Brazil has had some really good fortune come its way lately. Just last week it got a simultaneous investment grade rating from Standard & Poor's on its sovereign debt and on nine of its banks.
As this happened, they were able to sell more than $500 million in bonds as pension funds and hedge funds from around the world rushed into Brazil to buy up its bonds, not to mention its stocks and real estate.
Meanwhile, Brazil's tax revenue jumped 13 percent just last month as household income increased, unemployment decreased, and a boom in real estate all added new money into the government's coffers.
Brazil has been hot, and it will be for a long time. Why? Well, their economy expanded 6.2 percent just in the fourth quarter alone. That's its highest growth rate since 2004.
Brazil's currency, the real, has now gained 28 percent against the buck in the last four years. That's the very best performer of the top 16 currencies of the world.
Things have never been better for Brazil. Petrobras, the state-owned oil company, is hiring another 14,000 engineers, geologists and drillers as it taps into the biggest crude discovery in the Western Hemisphere since 1976.
In fact, this latest oil find may allow Brazil to overtake all of the output of OPEC with the exception of Saudi Arabia. So this will be huge. It will provide a huge base going forward for them to divert some of that oil money into other viable investments so that they diversify their risks and income streams.

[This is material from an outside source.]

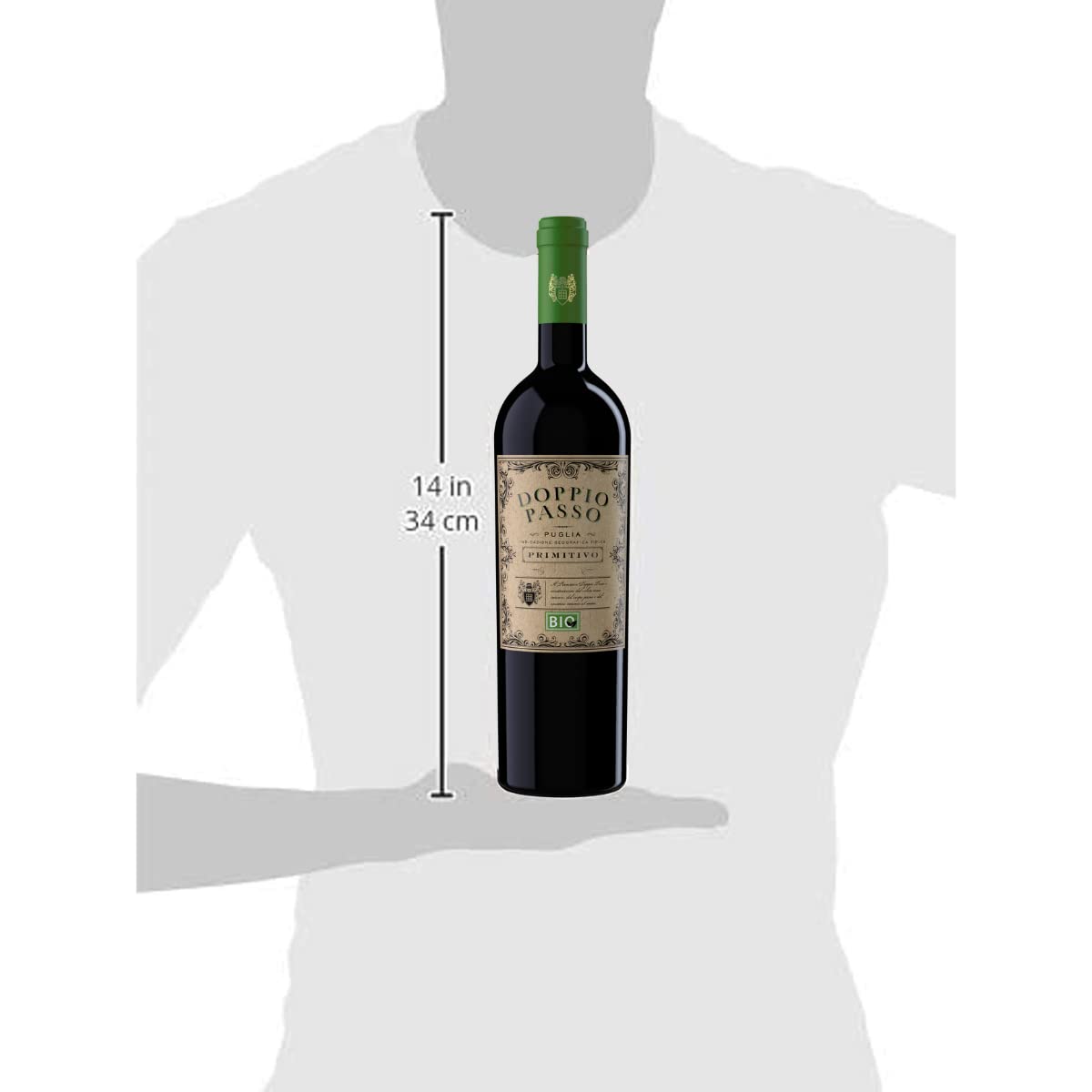 Doppio Passo Primitivo BIO, Rotwein Italien (6 x 0,75l)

So what's a country to do with all of this newfound money?
It just keeps pouring in. Demand for their commodities continues to pump cash into their economy. They already have foreign exchange reserves that have doubled since 2006 to a whopping $195 billion.
Not bad for a country that had trouble paying back its debt not too many years ago.
The government has many options to consider. I think they've decided not to touch their reserves but instead to start a $20 billion sovereign wealth fund (SWF) that would take the cash and diversify it into many different investments.
For now, Brazil will take the proceeds from the recent bond sale and pay off more expensive debts. Then it will focus on the sovereign wealth fund, which will invest in U.S. dollars with part of that $20 billion.
Brazil also will take some of the $20 billion and buy fixed-income assets as well.
Brazil is becoming more solid all the time and as it diversifies its income streams the country is only going to do better and make a brighter, more stable future for its citizens.
I find it interesting that Brazil feels that buying dollars at this point in time is a worthwhile investment. You only buy things because you think they will go up in value, at least as far as investments are concerned.
Even commodity guru Jim Rogers thinks that there will be a dollar rally. But he estimates that it might only last a year. He's going to use that dollar rally to finally exit his dollar denominated assets, he says.
He also stated another reason why the U.S. dollar may rally for about a year, which is that America is a huge agricultural producer. If Rogers is right on agriculture, which he thinks will go up a lot, then a dollar rally would help America, relative to countries that don't have agriculture going for them.
So, in the near term, you can see that both Brazil and Jim Rogers are betting on the greenback. In the longer run, Rogers believes the commodity dollars (the Australian, New Zealand and Canadian dollars) will do better than those that aren't commodities exporters during this commodities boom.
In fact, he especially emphasized his Aussie dollar position. Since Brazil is also a "commodity currency," I believe the real will prosper right along with these others that Rogers mentions.
As Brazil's prosperity continues on exports of its high-flying commodities — like soy and sugar cane and, soon enough, crude oil — expect it to buy more dollars in the next year. Expect the euro and pound, too, to be weighed down in the next six to 12 months as dollar buying activity hits the EUR/USD and GBP/USD.
So, the U.S. dollar will do well in the upcoming months as the euro and pound have both reached extremes in their currencies that are unsustainable for now.
Even the foreign central banks want the dollar to grow against their currencies so that the pain felt by their exporters will die down. And, so far, this is exactly what we've seen over the last month or two as the euro has fallen over 650 pips (3.75 percent) against the dollar. Now that's a dollar rally!
Don't get me wrong. Over the years, the dollar will have problems. In the mean time, there's money to be made by investing in dollars over the coming months, possibly as long as a year.